I told Tom ages ago he could have a monster birthday party. He had a brilliant jungle party at home for his third birthday two years ago, but the fifth is the first school one and a bit of a special occasion. I didn’t think of the logistics though..
Birthday parties are the part of parenthood no one prepares you for when you’re busy considering the obvious, early stuff like nappies and sleepless nights.
For a start, how are you supposed to know who to invite? Four year olds are a fickle bunch and the list of who’s their friend and who hasn’t been very nice to them varies daily. I’d really rather not invite any of the naughty ones, but how can you be sure which is which?

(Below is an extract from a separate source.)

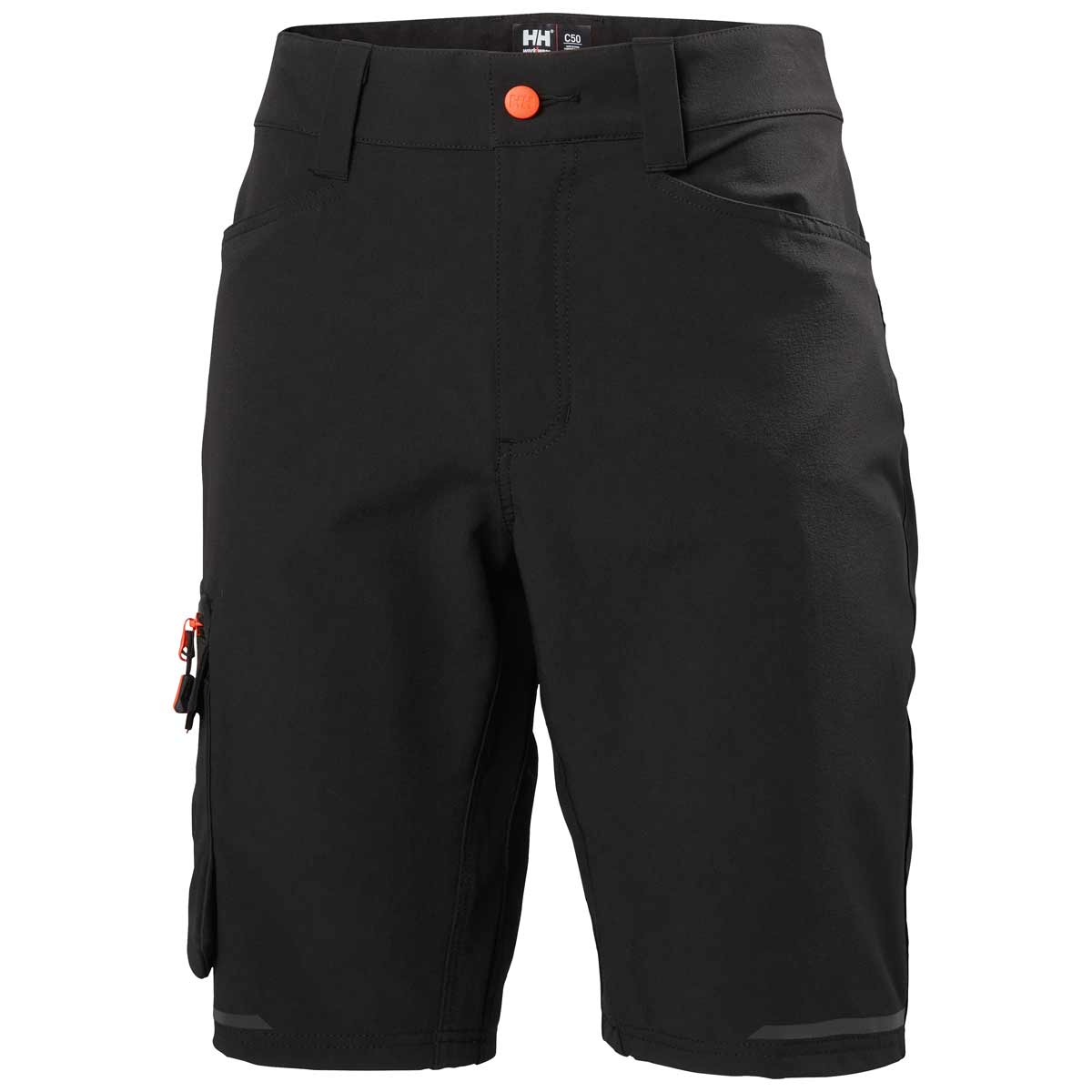 Helly Hansen Kensington Service Shorts Black Helly Hansen Kensington Service Shorts Black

Did you know that the parents don’t actually attend the party? In this age of blame, you are responsible for a church hall full of giddy children who are bound to fall and injure themselves / vanish / eat something they’re allergic too whilst in your care? I didn’t know that, my Mum told me – and made me feel really stupid for not knowing that already. Did you also know that it costs an unholy amount to hire a musty old church hall? And that you have to hire it by the hour and stick an extra one on the end to clean up vomit (because at least one child will vomit.) There’s that cost on top of platters of food that will end up either in the bin or ‘unwasted’ (covered in cling film by Mum, still shrivelling in the fridge a week later.) And children cry and throw tantrums if they don’t win prizes in games. All of this and no booze allowed. No matter how much you sometimes have to do things for the love of your children and even if it is part of what you sign up for, I really didn’t fancy any of this.
I started to look into soft play areas, which are generally smelly, desolate places beneath corrugated metal on battered industrial estates. Children like them though and the food is often thrown in. A quick Google for suitable North West venues revealed some sort of conspiracy among soft play area proprietors to spell their name as spectacularly wrong as possible, with a contest to throw in as many rogue zs as they can:
Antz in Your Pantz
(OK, I’m anal. But I can’t think of a possible reason for this phenomenon. Can anyone explain?)
I then discovered that the three earmarked party dates clash with Manchester United fixtures and that there was a very real chance I could fork out that money and dress Tom as a monster and loads of the kids wouldn’t even turn up. That would be really sad. It was all becoming rather stressful.
“Where have the other children in his class had parties?” asked Mum, calming me down during a particularly desperate party stress phone call.
I stopped to think, then realised. He has only ever been invited to one party since he started that school six months ago. It’s not that he’s unpopular, it’s that the other kids’ parents aren’t daft. They just send them to school with 35 bags of mini Haribo to dish out. I asked Tom how he felt about not inviting school friends and he said it was fine.
So it’s family and close friends, in the park if the weather permits, then all back to ours. A mini monster party, if you like. A civilised monster gathering. And in honour of the monster monster party that never was, his classmates are getting a boxful of these little fellas instead of the Haribo. Phew.